Method We have extracted accuracy and speed ranks from independent benchmarks of different bioinformatic software tools, and evaluated whether the speed, author reputation, journal impact, recency and developer efforts are indicative of accuracy.
Results We found that software speed, author reputation, journal impact, number of citations and age are all unreliable predictors of software accuracy. This is unfortunate because citations, author and journal reputation are frequently cited reasons for selecting software tools. However, GitHub-derived records and high version numbers show that the accurate bioinformatic software tools are generally the product of many improvements over time, often from multiple developers.

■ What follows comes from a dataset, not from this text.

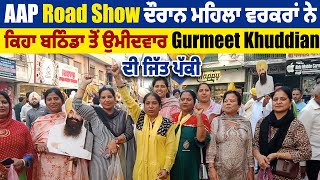 AAP Road Show ਦੌਰਾਨ ਮਹਿਲਾ ਵਰਕਰਾਂ ਨੇ ਕਿਹਾ ਬਠਿੰਡਾ ਤੋਂ ਉਮੀਦਵਾਰ Gurmeet Khuddian ਦੀ ਜਿੱਤ ਪੱਕੀ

Discussion We also find that the field of bioinformatics has a large excess of slow and inaccurate software tools, and this is consistent across many sub-disciplines. Meanwhile, there are few tools that are middle-of-road in terms of accuracy and speed trade-offs. We hypothesise that a form of publication-bias influences the publication and development of bioinformatic software. In other words, software that is intermediate in terms of both speed and accuracy may be difficult to publish - possibly due to author, editor and reviewer practices. This leaves an unfortunate hole in the literature as the ideal tools may fall into this gap. For example, high accuracy tools are not always useful if years of CPU time are required, while high speed is not useful if the results are also inaccurate.
Competing Interest Statement
The authors have declared no competing interest.
Footnotes
We have added some additional GitHub features to the analysis, clarified a few issues and expanded the Conclusions section. We have reduced the number of extraneous figures from the Supplement too.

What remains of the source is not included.